Lecture #14: Recovery
Recovery in Distributed/Concurrent Systems
- Lost messages, orphane messages, and livelock
- Strongly Consistent Set of Checkpoints
- Consistent Set of Checkpoints
A Simple Method for taking a Consistent Set of Checkpoints
- Assumption: checkpoint, send/recv are atomic.
- Take a checkpoint after sending every message.
- The set of the most recent checkpoints is always consistent. Why?
Is it strongly consistent?
- What is the main problem with this approach? Take a checkpoint after every
K messages sent? Is it still consistent?
Synchronous Checkpointing Algorithm (Koo and Toueg)

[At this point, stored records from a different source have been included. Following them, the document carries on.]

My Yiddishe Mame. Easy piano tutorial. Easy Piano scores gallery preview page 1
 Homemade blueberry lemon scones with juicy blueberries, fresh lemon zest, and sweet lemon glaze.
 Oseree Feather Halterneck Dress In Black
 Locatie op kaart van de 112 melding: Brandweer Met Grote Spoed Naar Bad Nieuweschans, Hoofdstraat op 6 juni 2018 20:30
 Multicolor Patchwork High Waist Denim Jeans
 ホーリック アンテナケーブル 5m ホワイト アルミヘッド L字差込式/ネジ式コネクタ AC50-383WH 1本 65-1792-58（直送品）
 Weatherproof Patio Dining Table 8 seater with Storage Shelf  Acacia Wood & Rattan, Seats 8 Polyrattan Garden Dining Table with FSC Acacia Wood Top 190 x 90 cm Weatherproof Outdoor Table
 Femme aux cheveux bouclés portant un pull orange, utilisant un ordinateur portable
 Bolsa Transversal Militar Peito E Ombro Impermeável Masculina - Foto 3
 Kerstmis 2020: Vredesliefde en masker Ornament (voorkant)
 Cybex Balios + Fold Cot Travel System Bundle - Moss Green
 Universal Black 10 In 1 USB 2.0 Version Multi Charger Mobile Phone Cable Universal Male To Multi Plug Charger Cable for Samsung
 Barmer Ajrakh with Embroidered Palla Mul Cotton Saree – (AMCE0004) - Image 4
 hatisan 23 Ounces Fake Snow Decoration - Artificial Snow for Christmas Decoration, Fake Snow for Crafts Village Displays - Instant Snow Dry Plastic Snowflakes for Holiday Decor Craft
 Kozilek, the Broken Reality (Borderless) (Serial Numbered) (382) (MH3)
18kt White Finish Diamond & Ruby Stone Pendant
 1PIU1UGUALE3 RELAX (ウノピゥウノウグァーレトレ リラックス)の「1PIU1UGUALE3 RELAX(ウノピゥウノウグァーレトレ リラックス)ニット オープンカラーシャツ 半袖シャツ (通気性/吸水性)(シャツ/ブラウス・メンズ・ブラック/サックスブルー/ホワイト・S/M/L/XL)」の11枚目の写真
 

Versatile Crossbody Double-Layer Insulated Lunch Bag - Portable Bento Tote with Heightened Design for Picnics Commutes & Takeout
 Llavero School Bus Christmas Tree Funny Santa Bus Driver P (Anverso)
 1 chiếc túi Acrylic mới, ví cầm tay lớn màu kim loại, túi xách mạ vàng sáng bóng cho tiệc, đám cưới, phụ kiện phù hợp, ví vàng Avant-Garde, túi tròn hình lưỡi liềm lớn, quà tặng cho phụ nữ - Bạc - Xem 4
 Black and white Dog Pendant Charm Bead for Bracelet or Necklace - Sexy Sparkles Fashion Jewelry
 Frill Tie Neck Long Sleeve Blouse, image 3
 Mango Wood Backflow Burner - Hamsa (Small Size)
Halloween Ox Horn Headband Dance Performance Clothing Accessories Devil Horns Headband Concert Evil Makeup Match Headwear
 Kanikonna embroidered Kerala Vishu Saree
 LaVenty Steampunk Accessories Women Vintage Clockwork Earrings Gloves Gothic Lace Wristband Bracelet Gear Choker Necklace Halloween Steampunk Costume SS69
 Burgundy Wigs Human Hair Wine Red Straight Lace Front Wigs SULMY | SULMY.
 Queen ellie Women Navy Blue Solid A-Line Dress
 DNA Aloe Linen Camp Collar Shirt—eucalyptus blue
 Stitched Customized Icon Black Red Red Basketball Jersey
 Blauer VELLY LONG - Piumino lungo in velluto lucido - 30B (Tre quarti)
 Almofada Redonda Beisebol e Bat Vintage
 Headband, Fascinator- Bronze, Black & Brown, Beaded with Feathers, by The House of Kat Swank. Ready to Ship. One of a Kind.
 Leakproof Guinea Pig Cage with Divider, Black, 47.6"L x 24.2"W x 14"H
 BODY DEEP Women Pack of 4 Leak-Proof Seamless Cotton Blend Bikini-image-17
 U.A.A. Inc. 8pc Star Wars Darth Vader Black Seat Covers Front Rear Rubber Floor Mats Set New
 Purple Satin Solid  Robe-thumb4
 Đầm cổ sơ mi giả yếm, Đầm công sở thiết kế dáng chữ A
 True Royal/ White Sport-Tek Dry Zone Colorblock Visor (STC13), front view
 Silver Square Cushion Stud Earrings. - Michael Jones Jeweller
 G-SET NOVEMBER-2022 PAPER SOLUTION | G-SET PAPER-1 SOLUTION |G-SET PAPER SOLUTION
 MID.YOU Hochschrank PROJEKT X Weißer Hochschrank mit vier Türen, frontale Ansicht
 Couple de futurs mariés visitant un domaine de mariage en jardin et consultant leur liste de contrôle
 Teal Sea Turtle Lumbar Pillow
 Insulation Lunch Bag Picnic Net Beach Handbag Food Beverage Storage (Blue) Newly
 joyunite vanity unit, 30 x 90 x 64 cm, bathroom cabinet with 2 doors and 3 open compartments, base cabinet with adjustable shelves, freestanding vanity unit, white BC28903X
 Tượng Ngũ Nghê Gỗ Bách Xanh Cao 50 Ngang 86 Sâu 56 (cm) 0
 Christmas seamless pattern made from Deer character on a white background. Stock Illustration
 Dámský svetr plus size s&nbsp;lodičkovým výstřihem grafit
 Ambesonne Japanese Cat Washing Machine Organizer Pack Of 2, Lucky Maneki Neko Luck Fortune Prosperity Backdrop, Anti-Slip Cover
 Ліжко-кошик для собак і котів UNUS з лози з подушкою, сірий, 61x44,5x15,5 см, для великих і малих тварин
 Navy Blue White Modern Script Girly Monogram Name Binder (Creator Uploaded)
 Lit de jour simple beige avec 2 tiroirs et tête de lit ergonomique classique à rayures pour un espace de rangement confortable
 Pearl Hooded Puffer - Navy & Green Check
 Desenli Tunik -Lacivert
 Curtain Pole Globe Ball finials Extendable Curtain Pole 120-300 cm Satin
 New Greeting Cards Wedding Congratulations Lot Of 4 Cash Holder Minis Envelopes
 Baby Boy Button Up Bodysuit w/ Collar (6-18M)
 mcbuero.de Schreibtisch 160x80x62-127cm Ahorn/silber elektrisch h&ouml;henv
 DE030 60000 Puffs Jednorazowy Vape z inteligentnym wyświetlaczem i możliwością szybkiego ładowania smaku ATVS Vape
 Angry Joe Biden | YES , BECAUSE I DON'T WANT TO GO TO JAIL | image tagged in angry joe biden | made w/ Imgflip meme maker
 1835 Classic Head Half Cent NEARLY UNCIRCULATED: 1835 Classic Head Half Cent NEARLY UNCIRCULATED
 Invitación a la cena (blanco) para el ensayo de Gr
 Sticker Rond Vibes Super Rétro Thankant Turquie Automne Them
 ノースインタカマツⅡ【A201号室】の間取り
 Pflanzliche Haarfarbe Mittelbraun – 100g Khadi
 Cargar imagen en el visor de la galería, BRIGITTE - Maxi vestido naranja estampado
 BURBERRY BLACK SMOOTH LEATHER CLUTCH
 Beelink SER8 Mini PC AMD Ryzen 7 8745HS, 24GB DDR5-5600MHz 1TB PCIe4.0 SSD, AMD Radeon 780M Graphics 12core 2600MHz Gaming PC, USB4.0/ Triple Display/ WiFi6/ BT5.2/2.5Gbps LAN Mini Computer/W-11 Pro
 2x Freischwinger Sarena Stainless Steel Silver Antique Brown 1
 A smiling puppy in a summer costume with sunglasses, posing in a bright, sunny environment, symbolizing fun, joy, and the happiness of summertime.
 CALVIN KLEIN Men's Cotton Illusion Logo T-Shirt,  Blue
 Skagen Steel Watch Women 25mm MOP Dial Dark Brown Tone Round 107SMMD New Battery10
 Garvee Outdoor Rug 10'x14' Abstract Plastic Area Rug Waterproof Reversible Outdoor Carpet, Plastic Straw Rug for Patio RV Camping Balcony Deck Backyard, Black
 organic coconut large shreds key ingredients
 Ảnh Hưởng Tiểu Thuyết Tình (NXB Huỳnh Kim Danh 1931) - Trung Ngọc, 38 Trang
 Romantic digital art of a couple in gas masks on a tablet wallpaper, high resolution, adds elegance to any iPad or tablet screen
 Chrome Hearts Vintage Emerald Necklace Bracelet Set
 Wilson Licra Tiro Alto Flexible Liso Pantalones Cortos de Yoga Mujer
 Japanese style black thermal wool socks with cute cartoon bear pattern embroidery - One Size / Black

- make some simplifying assumptions
- processes communicate by exchanging messages through channels
- channels are FIFO, end-to-end protocols cope with message loss due to
rollback recovery.
- comm. failures do not partition the network
- use 2 kinds of checkpoint
Synchronous Checkpointing: Phase 1
- initiator: take tentative checkpoint
ask other processes to take tentative checkpoint
- other processes: can respond `yes' or `no'
- initiator: decide to make checkpoints permanent
if everyone has responded `yes'
Synchronous Checkpointing: Phase 2
- initiator: inform all processes of Phase 1 decision
(commit or abort checkpoint)
- others: act accordingly
Between tentative checkpoint and commit/abort of
checkpoint process must hold back messages.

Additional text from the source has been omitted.